INFORMATION SUPPLIED START
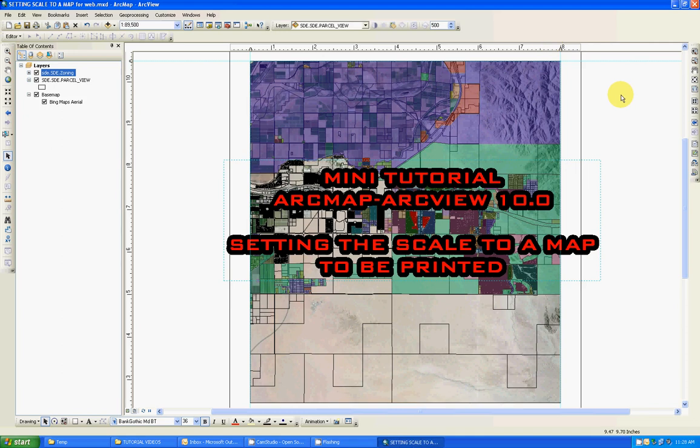Hello everybody, welcome back to another mini tutorial for ArcMap ArcView 10.0. In this occasion,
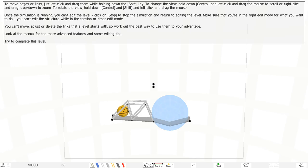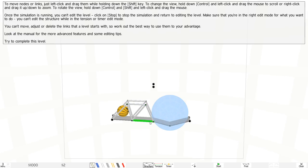To move nodes or links, left-click and drag them while holding down the shift key. Okay, so left-click and then drag it, but holding down the shift key. So what does that do? I don't know.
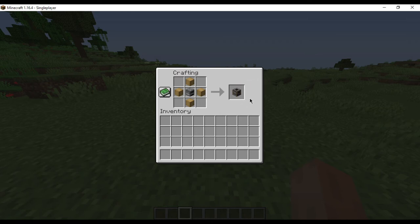As soon as you add those ingredients, you will find that the smoker appears on the right side of the crafting grid. That does it, you have successfully created a smoker in Minecraft.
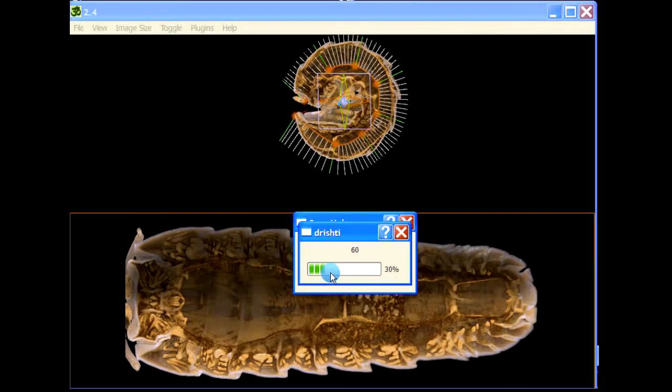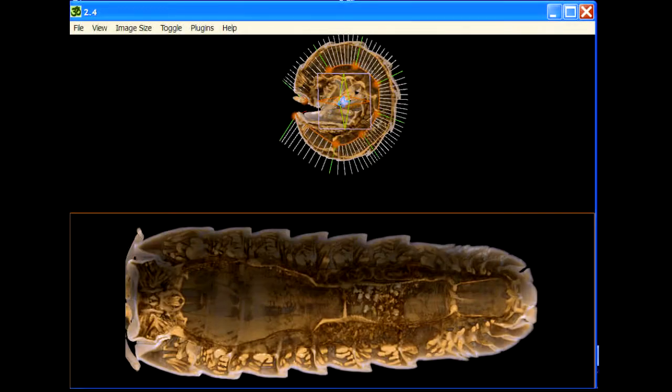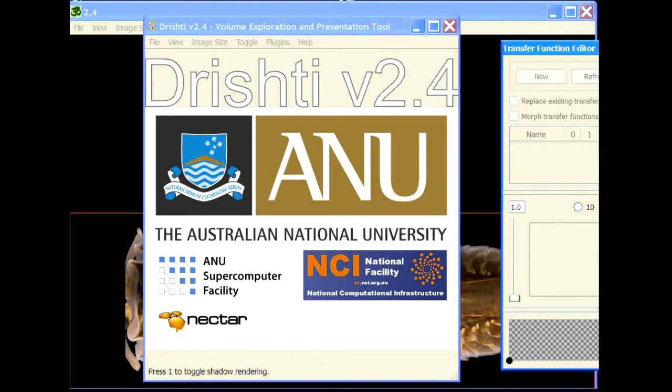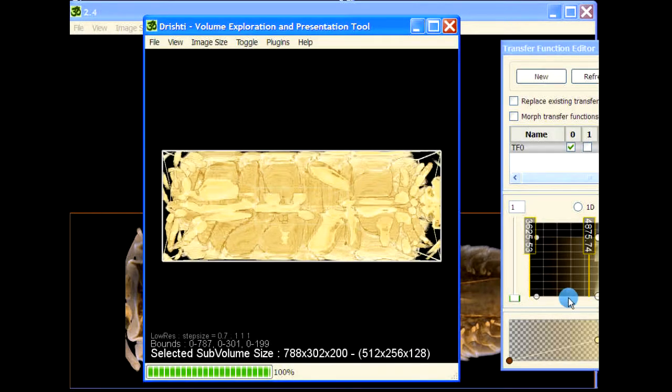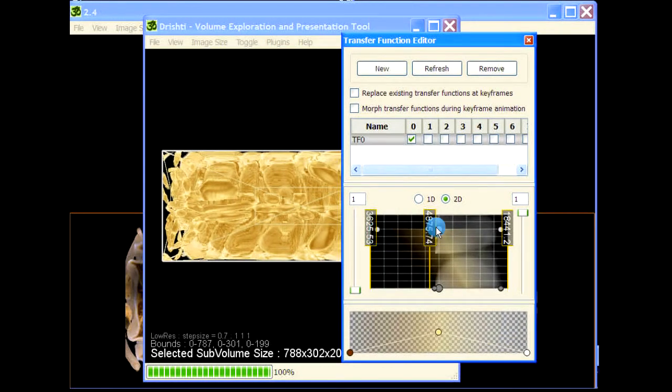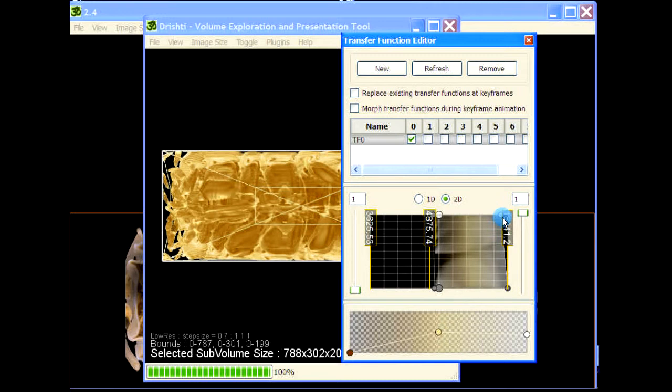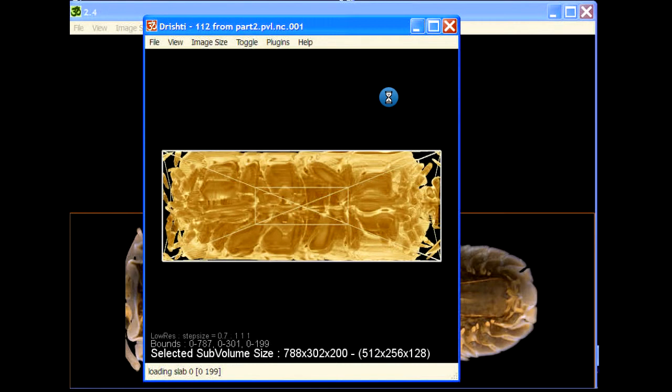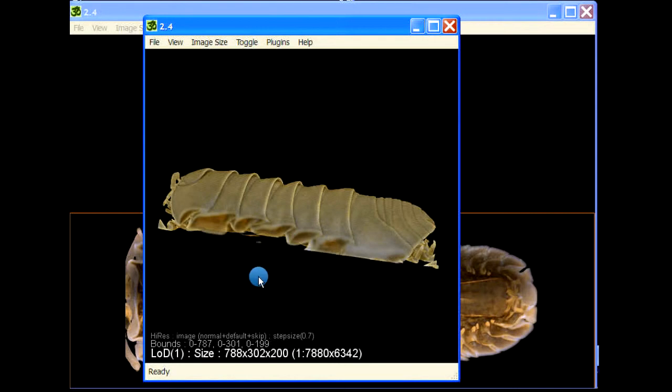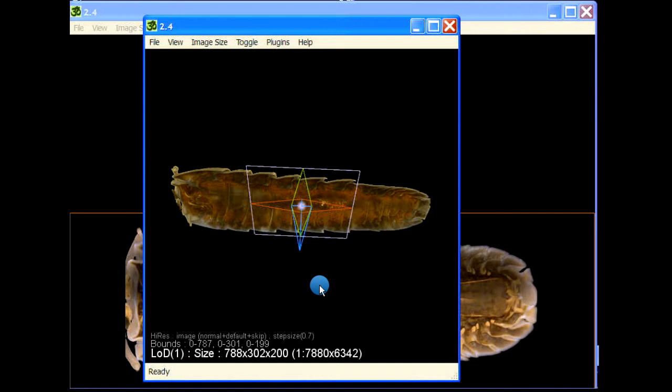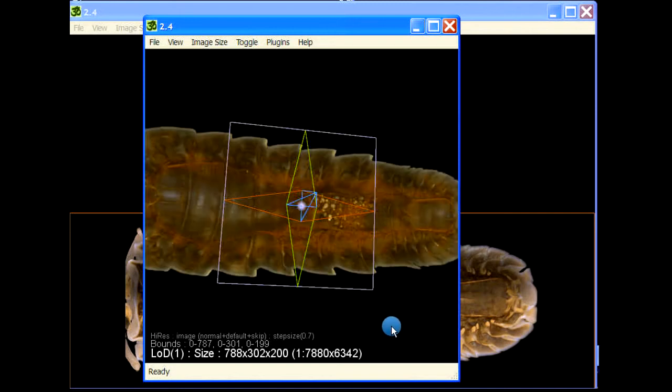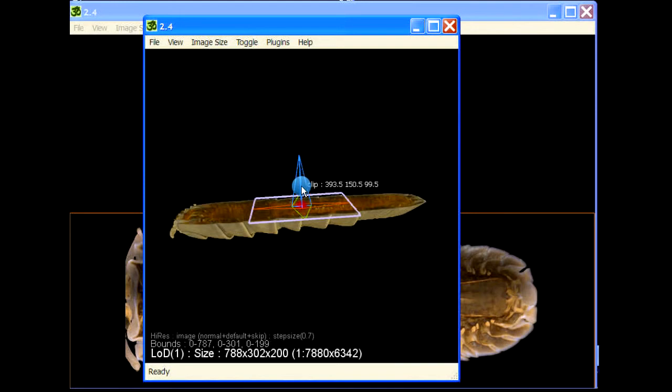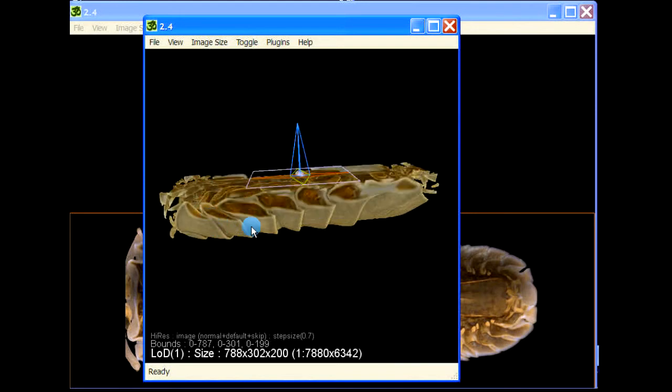Again CMS value, okay. Let us fire another instance of Drishti and load part two here. This is part two. Let us tweak the transfer function to show what we have saved. This is what we have saved here. Now if we put a clipping plane, then you will see that this is basically part one here. Half of this volume is part one.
INFORMATION SUPPLIED END
YOUR ASSIGNMENT: Please set down the lines above word for word and leave out the pictures.

ANSWER BOX:
Hello everybody, welcome back to another mini tutorial for ArcMap ArcView 10.0. In this occasion,
To move nodes or links, left-click and drag them while holding down the shift key. Okay, so left-click and then drag it, but holding down the shift key. So what does that do? I don't know.
As soon as you add those ingredients, you will find that the smoker appears on the right side of the crafting grid. That does it, you have successfully created a smoker in Minecraft.
Again CMS value, okay. Let us fire another instance of Drishti and load part two here. This is part two. Let us tweak the transfer function to show what we have saved. This is what we have saved here. Now if we put a clipping plane, then you will see that this is basically part one here. Half of this volume is part one.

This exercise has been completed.